What are the FAIR Data Principles?
The FAIR Data Principles were formulated after a Lorentz Center workshop in January 2014 according to principles now described here, on a page from Leiden University. They were nurtured by FORCE11 before formal publication in Nature Scientific Data in 2016.
FAIR stands for Findable, Accessible, Interoperable, and Reusable
How is CCDC FAIR?
The FAIR Data Principles help guide all of our data decisions.

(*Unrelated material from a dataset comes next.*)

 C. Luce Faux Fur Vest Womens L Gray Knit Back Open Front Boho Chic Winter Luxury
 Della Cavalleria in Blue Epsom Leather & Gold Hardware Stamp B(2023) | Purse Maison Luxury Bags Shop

Ways in which the CCDC enacts the FAIR Data Principles include:
- Ensuring machines can reliably understand crystallographic experiments, data, and knowledge by using standard formats and vocabularies.
- Adopting persistent identifiers to identify datasets and their contributors.
- Leveraging standard identifiers such as InChI to link datasets to a range of chemistry resources.
- Ensuring metadata is harvestable by machines to enable interoperability with other information resources.
- Providing searchable resources that enable the discovery of data through interfaces designed for both humans and their machines.
How does the Cambridge Structural Database enable FAIR?
The structure and design of the Cambridge Structural Database (CSD) is central to our FAIR activities. In particular:
- It enables the discovery and reuse of historical crystallographic information by humans and machines.
- It allows knowledge to be derived from this information and applied across domains.
- It is accessible to humans through various web and desktop tools.
- It is accessible to machines through the CSD Python API.
Why adopt FAIR Data Principles?
Analyzing the growing amounts of data in the life and physical sciences already presents a daunting task, and the amount of data grows larger and more diverse every day. In addition, artificial intelligence and machine learning initiatives require high-quality, machine-readable data that is also semantically linked. Adhering to the FAIR Data Principles helps ensure your data:
- Supports next-generation research around the globe.
- Works well with machine learning (ML) and artificial intelligence (AI) models.
- Remains orderly and accessible at all levels of your organization.
- Can support iterative learning on past work, saving time and resources.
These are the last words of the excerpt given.